The discipline of data science is notoriously difficult to define, and yet it is perhaps not impossible. I am currently working to gear more of my thought and instruction around Stanford statistician David Donoho’s definition of Greater Data Science (GDS). Here I’ll provide a brief summary of three key contributions of Donoho’s argument, ending with his six-part definition of the discipline.
First, Donoho appropriately connects the current expansive discipline of Data Science to its roots in 50+ years of work by statisticians, beginning with John Tukey in the 1960s. On Donoho’s telling, contemporary Data Science should understand itself not in opposition to the discipline of statistics but as an outgrowth and extension of the long tradition of statistics. More than historical recognition, this extends to appreciating the contemporary relevance of both traditional statistical analysis and predictive modeling with machine learning. Just as traditional statisticians must acknowledge and embrace the importance and relevance of contemporary machine learning methods, “cutting edge” data scientists must appropriately recognize the continued role and relevance of traditional statistical analysis.
Second, Donoho helpfully identifies the Common Task Framework methodology that undergirds the successes of contemporary predictive modeling. This methodology includes (a) a publicly available training dataset, (b) a competitive multi-party approach to predictive modeling, and (c) a scoring referee or system for evaluating the competing models against a test dataset unavailable to the competitors. He cites the Netflix Challenge as a famous example of this approach.
Third, and most importantly, Donoho builds on the work of John Chambers and Bill Cleveland to outline a definition of Greater Data Science (GDS), which includes the following six sub-fields:
- Data Exploration and Preparation
- Data Representation and Transformation
- Computing with Data
- Data Modeling
- Data Visualization and Presentation
- Science about Data Science
This definition is so apt that it seems common sense to those who practice in the field. But the complexity of the work involved in data science has meant that reaching the clarity offered by this definition has not been easy. Not content simply to define, Donoho devotes the remainder of his piece to discussing and illustrating some of the key practices included under each sub-field. I will number each sub-field as he does, using GDS for Greater Data Science.

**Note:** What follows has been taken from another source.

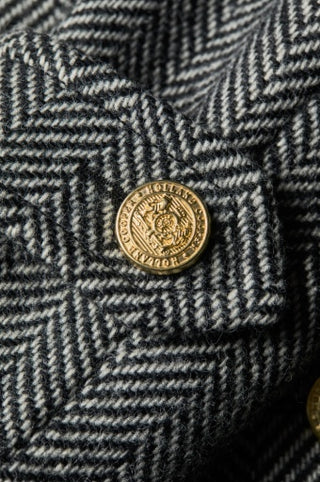 THE GREAT COAT - WIDE TOOTH BLACK HERRINGBONE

GDS1: Data Exploration and Preparation. Frequently requiring upwards of 80% of the work involved in data science, this sub-field is too often neglected in the teaching of data science and merits greater attention in the future. It includes the many steps of curating data, dealing with anomalies, and pulling into the shape needed for analysis.

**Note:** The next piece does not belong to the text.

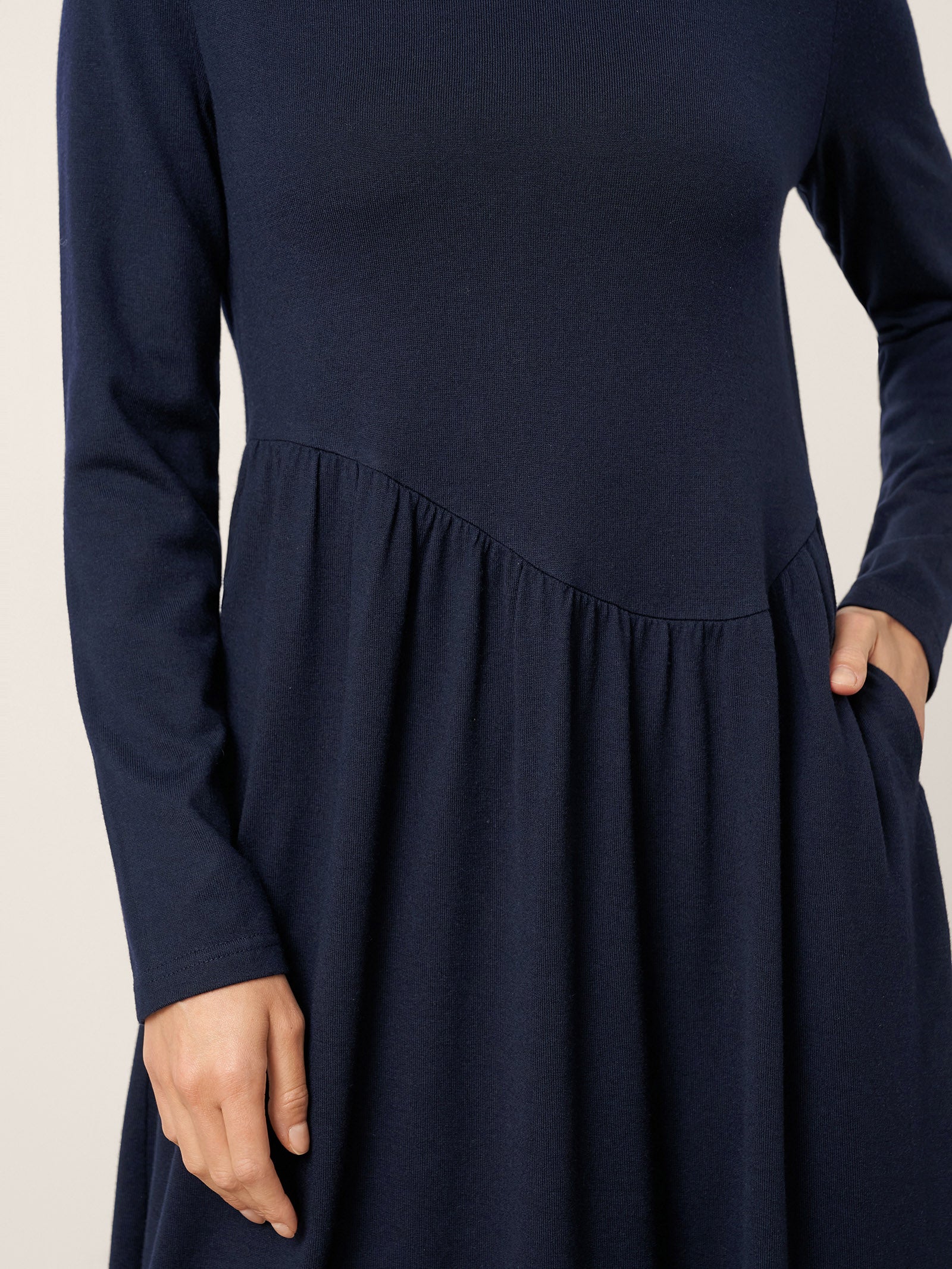 Wool Asymmetric Curved-Cut Midi Dress CALLIE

GDS2: Data Representation and Transformation. This includes the problem of data storage and requires that a data science be fluent in current database technologies. As of 2021 that includes SQL and NoSQL databases, distributed (cloud) systems, etc.

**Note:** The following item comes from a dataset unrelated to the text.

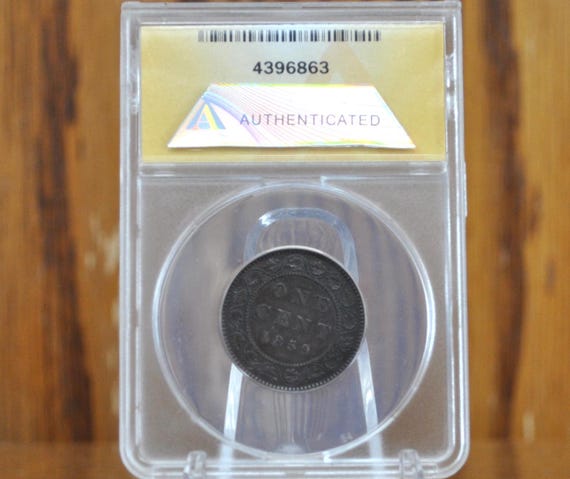 恵介☆☆☆☆☆ 1859 Canadian Cent Re-punched Date #1, ANACS Certified XF45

GDS3: Computing with Data. This includes necessary knowledge of languages like Python or R and related current software used in preparation, analysis, and modeling, as well as understanding of the workflows used to in the development of an analytical process.
GDS4: Data Visualization and Presentation. This sub-field addresses the importance of visual analysis methods, from standard plots used in Exploratory Data Analysis (EDA) to advanced charts used to crystalize understanding of specific important features to interactive data dashboards.
GDS5: Data Modeling. This sub-field should rightfully include both traditional statistical approaches and contemporary predictive modeling with machine learning.
GDS6: Science about Data Science. Key to making data science a true science, science of data science investigates the real-world work of data scientists “in the wild” and contributes to the documentation, description, analysis, and evaluation of those real-world practices, with the express aim of discerning the more fruitful practices that show merit for leading the discipline of data science forward to greater promise and productivity.
Given the sheer complexity of data science and the astounding speed of its ongoing development, it is difficult to overstate the value of Donoho’s six-part definition of the discipline. For myself, I will be contemplating and engaging the implications of this definition for months and years to come.
Allow me simply to recommend Donoho’s article as a read of incredible value, and recommend his helpful discussions of these six sub-fields as a beginning point for others as we work together to take the discipline forward.